Tacoma, Washington UFO Sighting (August 14, 1947) — FBI Files
A first saucer wave case from Tacoma, Washington. Fred Chrisman and Harold Dahl reported seeing flying discs.
Background
On August 14, 1947, in Tacoma, Washington, U.S. government investigators recorded an unidentified-object incident later released to the public on May 8, 2026 as part of the Presidential Unsealing and Reporting System for UAP Encounters (PURSUE). The incident is one of the first wave of “flying saucer” reports that swept the United States after the Kenneth Arnold sighting of June 1947 and the Roswell incident of July 1947. The case was filed with the Federal Bureau of Investigation, whose Knoxville, Albuquerque, Los Angeles, and other field offices routed UFO reports to headquarters under the Bureau’s standing protocols for the protection of vital installations.
What the document records
Fred Chrisman and Harold Dahl reported seeing flying discs. Dahl indicated he would claim the story was a hoax if questioned by authorities, wanting to avoid further trouble. The FBI believes they may have fabricated the story to sell it to a fantasy magazine.

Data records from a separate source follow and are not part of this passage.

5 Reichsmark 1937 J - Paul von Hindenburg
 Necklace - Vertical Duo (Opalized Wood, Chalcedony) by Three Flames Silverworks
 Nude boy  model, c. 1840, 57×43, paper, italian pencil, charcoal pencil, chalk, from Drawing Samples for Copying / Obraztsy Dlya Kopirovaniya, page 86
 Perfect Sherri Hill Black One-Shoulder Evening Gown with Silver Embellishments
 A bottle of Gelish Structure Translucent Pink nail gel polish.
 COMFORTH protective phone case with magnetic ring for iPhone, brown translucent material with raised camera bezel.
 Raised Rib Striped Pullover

The number of witnesses is not specified in the released document.
Verbatim from the file
“DID NOT ADMIT TO SMITH THAT HIS STORY WAS A HOAX”. “STATED THAT IF QUESTIONED BY AUTHORITIES HE WAS GOING TO SAY IT WAS A HOAX”. “BUILDING UP THEIR STORY THROUGH PUBLICITY TO A POINT WHERE THEY COULD MAKE A PROFITABLE DEAL WITH RANTASY MAGAZINE”
Type of case
The case is a visual sighting reported by ground or air observers.
Status
All records released under the PURSUE program are designated unresolved by the All-domain Anomaly Resolution Office (AARO) by default. The federal government has not concluded that the events were anomalous, has not concluded that they were conventional, and has not ruled out either possibility. Conventional candidates for sightings of this period include experimental aircraft, weather balloons (especially the Project Mogul series in the late 1940s), atmospheric optical phenomena such as sundogs and lenticular clouds, and astronomical objects including Venus, the Moon, and meteors near the horizon.